■ Required work ■
Each line of the data below that carries the word "Inch" needs to be copied.

■ Data for processing ■
====================

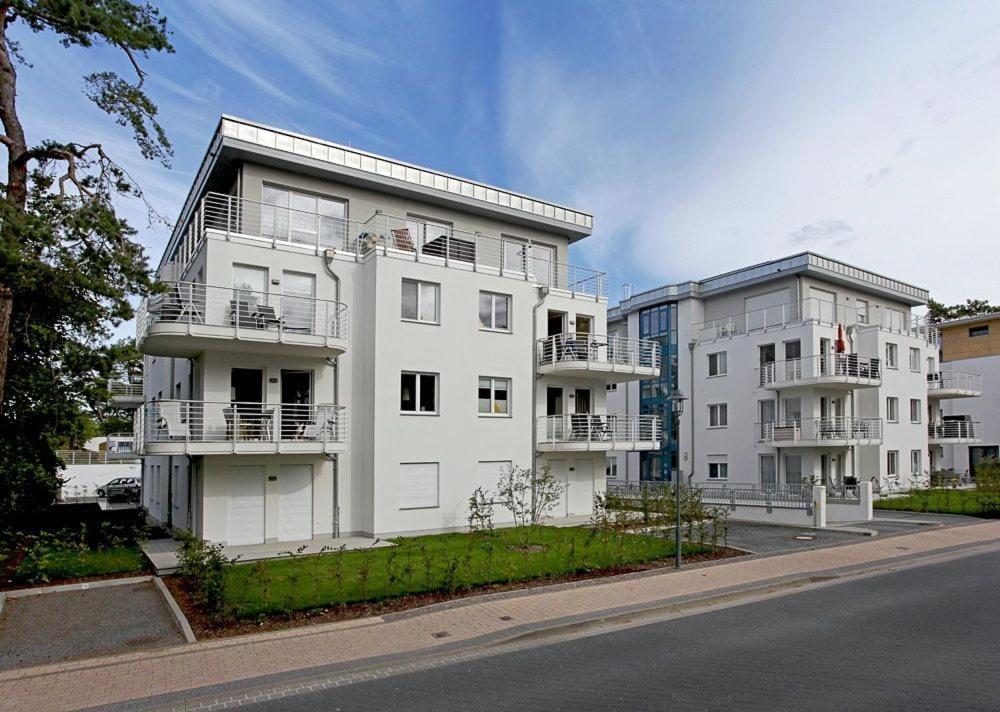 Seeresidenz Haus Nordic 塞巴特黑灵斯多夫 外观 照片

====================

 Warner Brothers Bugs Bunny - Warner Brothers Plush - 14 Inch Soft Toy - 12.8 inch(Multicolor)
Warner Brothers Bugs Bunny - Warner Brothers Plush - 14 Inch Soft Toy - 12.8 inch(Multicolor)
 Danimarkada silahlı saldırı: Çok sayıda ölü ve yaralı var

====================

■ Answer to this task ■
 Warner Brothers Bugs Bunny - Warner Brothers Plush - 14 Inch Soft Toy - 12.8 inch(Multicolor)
Warner Brothers Bugs Bunny - Warner Brothers Plush - 14 Inch Soft Toy - 12.8 inch(Multicolor)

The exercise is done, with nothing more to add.